Bharu is a father of five and has trekked the 250 kilometers from the easterly Taluka of Nagarparkar by foot with his entire family. Now, they’re all working on the road. “We didn’t know where we were going when we left home two months ago,” he says. “The drought sent us away from home.”

The construction of roads has taken place at a rapid pace in Tharparkar over the last few years. The 2005-06 development budget for Sindh is littered with planned spending on a variety of roads throughout the district. Major towns have been connected by roads, making communications easier and travel distances shorter.

The construction has also created some scattered opportunities for casual labour. But their conditions remain dire. Bharu and his family camped in the desert on their journey to town and continue to live in the desert, sleeping on a few ragged sheets they brought along. They live out in the open without even the mud plastered huts they have at home. Each worker gets two rupees for each foot of road they pave. On average, a worker can pave 50 feet a day if they work several hours late into the night, often working 18 hours a day.

Lakhma, a mother of four is also working alongside Bharu and his family. “Look at my hands,” she says holding out her weathered palms. “My back hurts, my bones hurt, my hands hurt,” she says. “But what can I do? If we don’t do this, we will starve to death. We do this for the cursed stomach.” She slaps her hand repeatedly on her abdomen and shrieks in frustration.

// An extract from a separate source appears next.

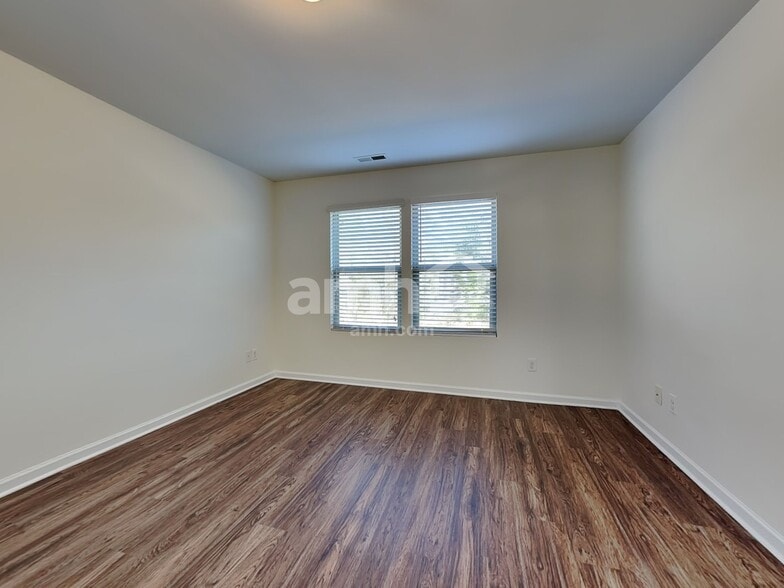 Building Photo - 4483 Middletown Dr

The workers turn their attention back to the road. And their thoughts back to dreams of rain which will pave the way back home. They’ll still labour there, working on the agriculture land of others. But at least it will be home.

Handicrafts: Generation after generation, women all across Thar learn from a young age the intricate embroidery particular to their region. Whether it’s the production of their heavily embroidered shirts, delicately patterned caps or laboriously produced wall hangings depicting the camel and the peacock, women in Thar spend several hours a day with the thread and needle.

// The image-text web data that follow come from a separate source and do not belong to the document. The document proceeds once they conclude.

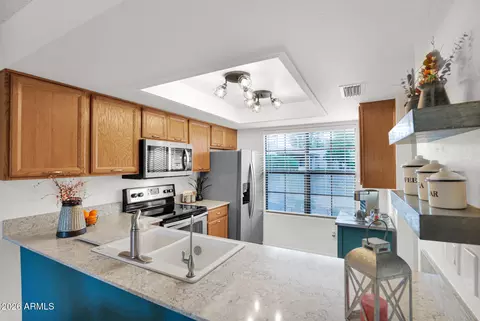 7746 E Park View Dr, Mesa, AZ 85208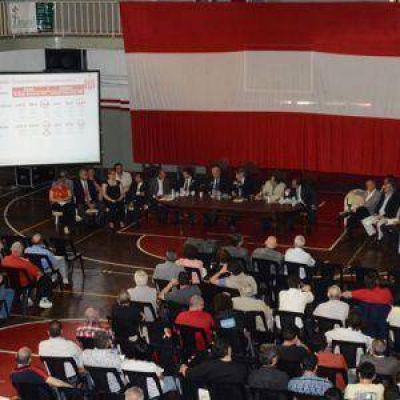 Una asamblea picante a la que no le faltaron ingredientes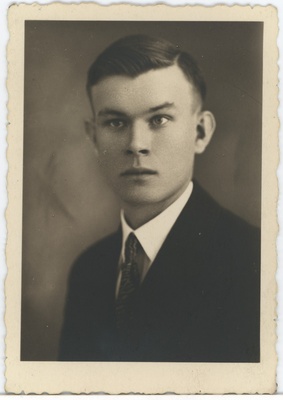 Määratlemata noormees  duplicate photo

Part of this is tradition, and part is pure economics. Without the tiny additional income they make from selling these handicrafts, it is hard to make ends meet. The demand for these products is substantial. That’s why most of them sell for high prices even in the town of Mithi, let alone the exorbitant rates in cities like Hyderabad and Karachi. However, without access to a market, the poverty of these women continues to be exploited by middle men and wholesalers who pay them as little as five rupees a day and accumulate fat profit margins themselves.

Sometimes, with the right mix of components, better-off families can make a decent living. In the village of Veri Jhap in the Taluka of Diplo, for example, Gajjo’s family has been making shawls on handlooms for more than a century. His relative affluence is apparent. His house is cemented, elaborately decorated on the outside with colourful depictions of flowers and peacocks, and inside are stacks of steel trunks, piles of linen, plastic chairs and a tape recorder, not common sights in rural Thar. He owns ten handlooms and says one produces an average of 20 shawls a month which sell for Rs 4,000 each.

His boys sit at the handlooms, their legs dangling down into a pit in the ground and work the brightly coloured threads at great speed. The entire family is involved in the trade. The women and spin the yarn onto wooden spindles and Gajjo himself prepares the handloom for weaving. He also sells the shawls in Mithi and is working on a plan to directly sell to the big cities beyond Tharparkar. “These people have the skills, the access to capital and are now figuring out the access to market as well,” says Salim Junejo, a Thardeep official in Mithi.

But this is a rare case. Mostly the production of handicrafts is a dire story. In Qasbo, a southern village in the Taluka of Nagarparkar, for example, women produce handheld fans made from peacock feathers and elaborately decorated with sequins and embellishments. They can produce one fan in a full day of work but rarely get more than Rs 30 for each. Stores just a few kilometers from the village sell the fans at a minimum of Rs 150 each.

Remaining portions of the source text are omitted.